Política y literatura

Santiago Gamboa
12 de mayo de 2018 - 04:30 a. m.

A pesar de que ambas actividades son públicas y gozan de una cierta aceptación, hasta un niño podría ver las diferencias increíbles que las separan: la política es más rentable, por ejemplo, y salvo casos marginales un político no muere en la pobreza, como murieron León de Greiff o Porfirio Barba Jacob. Mientras está activo, un escritor no tiene esquema de seguridad, autos blindados ni guardaespaldas a cargo del erario público, ni gana 30 millones de pesos mensuales, ni decide sobre partidas presupuestales o contratos, ni tiene nada que negociar con el Ejecutivo. Ni siquiera lo corrompen, pues nadie quiere nada de él que pueda ser objeto de una coima. Odebrecht, por decir algo, jamás buscaría a un escritor. Sin embargo, ambos personajes, el político y el escritor, existen gracias a una sociedad que los sostiene, que decide cuál es su lugar y que, en un momento dado, presiona para que uno u otro sea decisivo en un período específico de la historia. Porque tanto el político como el escritor dependen de la opinión pública: por uno de ellos se vota, por el otro se compra un libro y, al hacerlo, se le da un espacio de influencia. García Márquez, el más influyente de nuestro país, tuvo más lectores que, en votos, cualquiera de nuestros políticos. Ni Uribe, sumando sus elecciones ganadas, llega a la periferia de lo que son y han sido los lectores de García Márquez. Y eso que los votos no le cuestan ni un peso al votante. Al revés: en algunos casos se compran. ¿Puede alguien imaginar que un escritor pagara a sus lectores por leerlo? ¿O que un grupo armado presionara a un pueblo para que leyera a un autor y no a otro? En sociedades como México, el Estado sostiene económicamente a los escritores con la convicción de que cada uno trabaja no sólo para sí mismo, sino también por la imagen del país. Cada libro mexicano es una roca en el inmenso mural de la cultura nacional, y por eso el Estado les ayuda con becas, subvenciones, premios.

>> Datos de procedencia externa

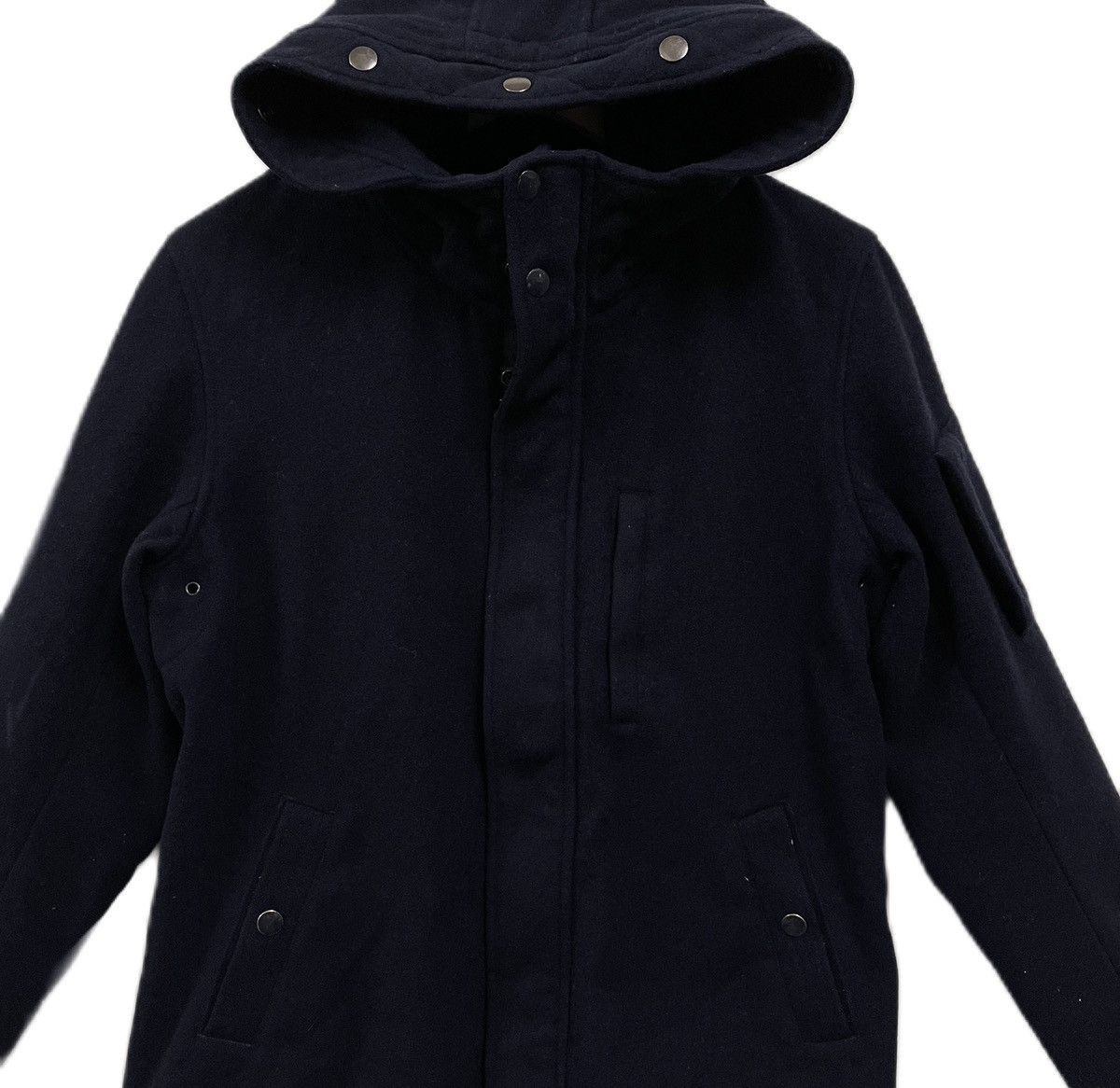 monkey time Monkey Time Melton Hoodie Jacket By United Arrows Size US M / EU 48-50 / 2 - 3 Thumbnail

Pero tal vez la diferencia más abrumadora sea su relación con la verdad. El escritor, como dijo Vargas Llosa, narra “mentiras”, pero al hacerlo llega a profundas verdades sobre la condición humana, las relaciones entre las personas, la vida y el pasado y la historia. El político, en cambio, opera sobre lo cotidiano y, en consecuencia, no debe alejarse nunca de lo que es verdadero, verificable, comprensible y comprobable. Pero lo que nos muestra la experiencia es que ciertos políticos de éxito están más cerca de la mentira que de la verdad, sin que en ellos opere la más mínima operación estética que lleve después a algo certero. No. Lejos de eso. Nos confunden, nos ocultan lo verdadero y nos dan gato por liebre. ¿Quiénes dicen la verdad? Cada día vemos cómo las grandes frases son estandartes banales que se derrumban al mínimo toque. Por eso, ahora que debemos elegir, deberíamos fijarnos mucho en eso: en la verdad verificable, para que los entusiasmos se transformen en proyectos reales y no en eslóganes pasajeros y vacíos. Dejemos por unas semanas la mentira a los escritores, que ellos saben transformarla en algo valioso. Y condenemos para siempre a los mentirosos. Yo les creo a Fajardo, a Petro y a De la Calle. Creo que Colombia necesita desesperadamente de sus verdades.